Ariz. Renzi Associate Gets Probation for Embezzlement

February 3, 2011

A federal judge has sentenced an associate of former U.S. Rep. Rick Renzi to three years’ probation for conspiracy and embezzlement convictions related to his role as the accountant at Renzi’s family insurance firm.

U.S. District Judge David Bury rejected a federal prosecutor’s request that he sentence Dwayne Lequire to more than three years in prison. Bury also cut the amount the government wanted Lequire, 52, of Sonoita, to pay in restitution from $475,400 to $26,500 and levied no fine, defense attorney Skip Donau said.

The case is tied to allegations that the former Arizona congressman looted his family insurance business to fund his campaigns and personal expenses.

A jury convicted Lequire of conspiracy and eight counts of embezzlement in July. Another Renzi associate, Andrew Beardall, was acquitted of conspiracy and two counts of insurance fraud. Beardall, of Rockville, Md., was the president and lawyer for Renzi’s Sierra Vista-based insurance company from late 2002 through 2003.

Lequire was accused of diverting customers’ insurance premiums from the firm to Renzi. Beardall was accused of helping cover up Renzi’s alleged siphoning of $400,000 from the family insurance company to run his congressional campaign.

Lequire did not profit from the scheme and his accounting was not in dispute, Donau said. He said even the FBI used his accounting it while it built the case.

“We thought the judge was very fair and recognized the uniqueness of this case,” Donau said. “We are pleased with the sentencing. We had hoped the jury would acquit him of all charges but they did not, although his co-defendant was acquitted of them all.”

A Justice Department spokeswoman declined to comment on the sentence, handed down in Tucson.

Renzi faces charges in the insurance case and on public corruption charges tied to a land swap he is accused of trying to engineer to benefit himself and a business partner. He has pleaded not guilty.

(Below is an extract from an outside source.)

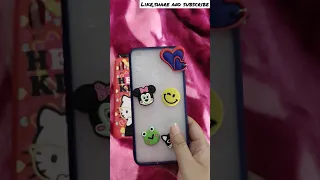 Redmi note 7pro back cover collection 📱❤️(part 1) #shorts #youtubeshorts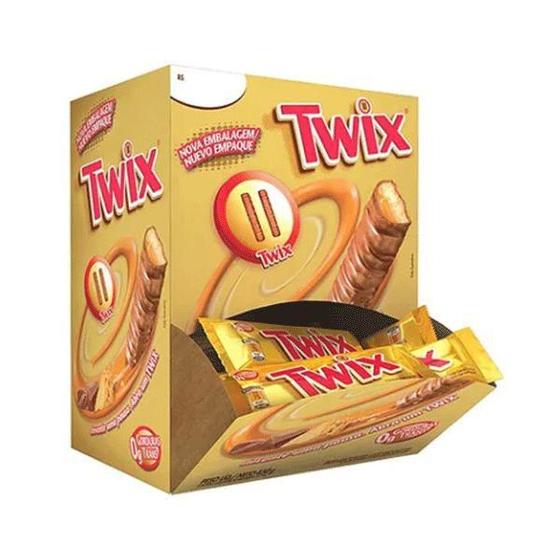 Imagem de Chocolate Twix com 30 unidades de 15g cada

Renzi is appealing rulings made by Bury denying a constitutional challenge to his 47-count indictment, and the 9th U.S. Circuit Court of Appeals is set to hear arguments later this month. That appeal has put the former three-term Republican lawmaker’s case on hold.

Last year, the judge blocked prosecutors from using wiretaps collected by federal investigators from being used at Renzi’s trial. Bury ruled that FBI agents and federal prosecutors “conducted an unreasonable wholesale interception of calls they knew to be attorney-client communications.”

The initial indictment against Renzi was unsealed in February 2008.

Renzi represented Arizona’s sprawling 1st Congressional District before declining to seek re-election in 2008.